El comedor parece especialmente alborotado a la hora del almuerzo. La austeridad de la construcción, sumada a una enorme mesa rectangular con largas banquetas a sus lados, podría dar la impresión de un convento, pero el barullo lo desmiente.

Aparte de Elena, en la cabecera, nadie ocupa un puesto fijo. Se van sentando a medida que llegan, después de que a la una y media de la tarde ha sonado la gran campana que cuelga en las afueras de la cocina. Maruja la toca dos veces al día como si en ello le fuera la vida. El tañido es de tal potencia que llega hasta cada una de las cinco cabañas alrededor de la casa. En rigor, no es necesario; al terminar las mujeres sus tareas (la ociosidad matinal está prohibida; es para prevenir la depre, según Toña), se dirigen espontáneamente al gran salón que precede al comedor. Y a la hora de comida, pasan todas juntas a la mesa tras la convivencia de la tarde. Actividades hay para todos los gustos en la casa grande. De partida, «la terapia», como la apodó Toña: consiste en un grupo de conversación donde cada mujer plantea con libertad el tema que le interesa, personal o colectivo, abstracto o concreto, y se charla en torno a él, normalmente bajo la guía de Elena. Esto se lleva a cabo en el comedor, las puertas cerradas hacia el salón, porque el desorden y el ruido se generan básicamente ahí.
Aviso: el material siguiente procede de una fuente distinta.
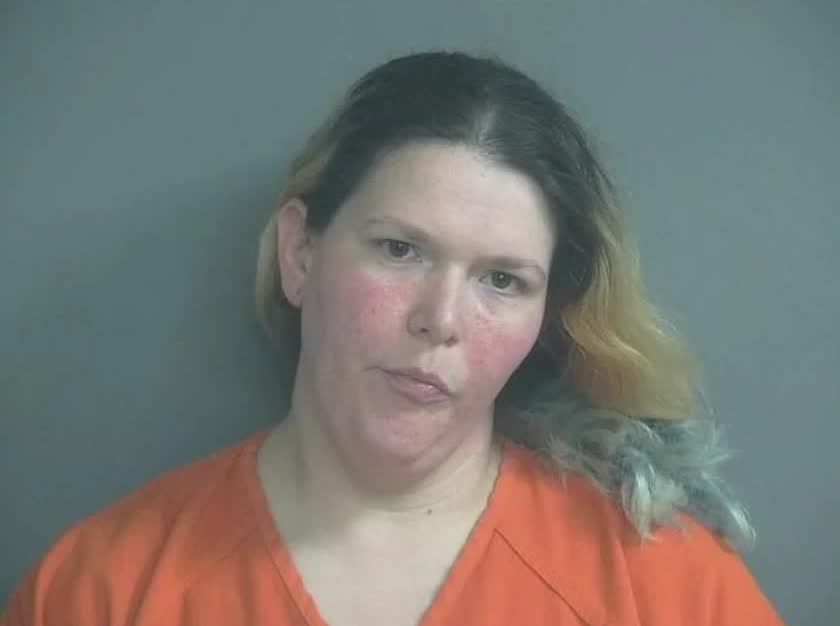 Nationwide manhunt launched for Wisconsin mother Toni Hammonds convicted of starving 4 kids — after she skips prison sentencing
La televisión abarca un sector al que se arriman las adictas a las telenovelas; al otro extremo esperan los mullidos sillones de tapiz blanco donde se teje, se copuchea, se hojean revistas, y donde toda actividad está permitida, desde confeccionar muñecas hasta pintarse las uñas. Es usual ver a alguna sentada de lo más erguida en la silla de coigüe de la esquina, peinándose al lado de la mesita de vidrio llena de los adminículos que administra Maritza. Ella es peluquera y todas las tardes acarrea al salón un enorme canasto donde se encuentra desde un secador de pelo hasta anticuados bigudíes, pasando por distintos tipos de cepillos, lacas, peinetas y tijeras.
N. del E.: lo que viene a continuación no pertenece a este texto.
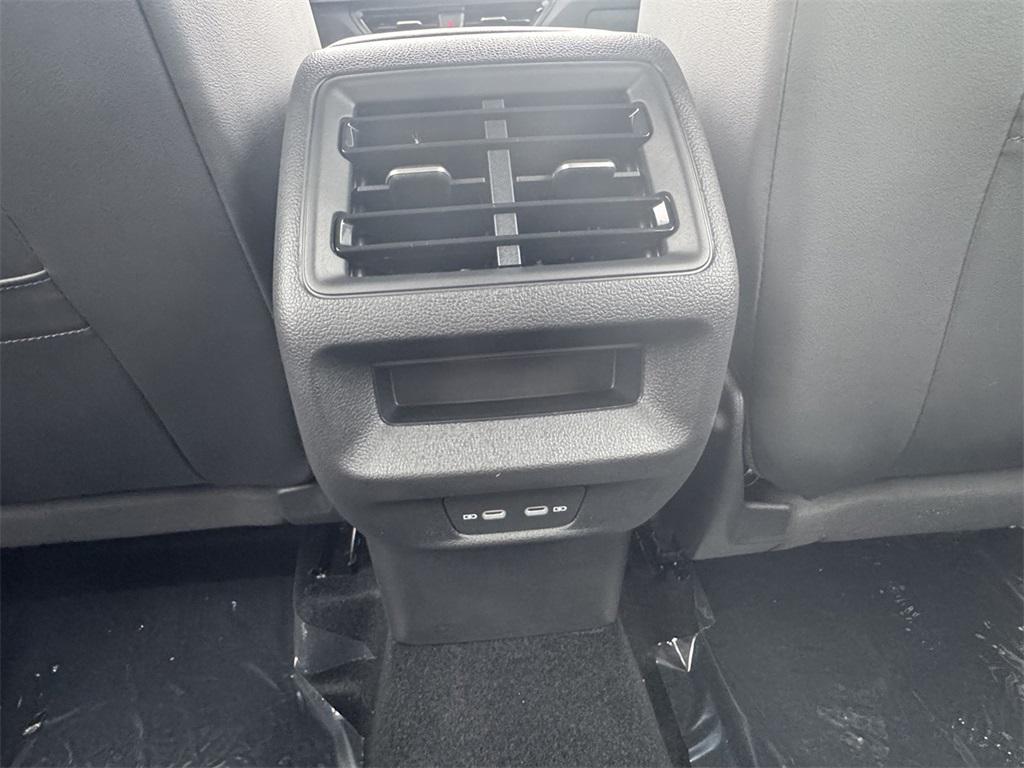 new 2025 Volkswagen Tiguan car, priced at $37,565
– Nadie es más generosa que Maritza -le había comentado Constanza la primera tarde, espantando el desconcierto de la cara de Floreana ante esta escena-. Ella se gana la vida en una peluquería de Talca, y con mucho esfuerzo logró costearse la estadía aquí. Una habría esperado que en este lugar descansara, pero todas las tardes peina a alguien y lo hace con enorme gusto. No soporta vernos con los pelos mal cortados, o secos y desarreglados. A mí me aconsejó un aceite especial que le encargué a Elena a Puerto Montt, y con él me hizo unos estupendos masajes capilares. Pero, eso sí, en la cabaña; lo máximo que Elena acepta aquí en la sala son cortes y peinados. Maritza lo hace todo gratis.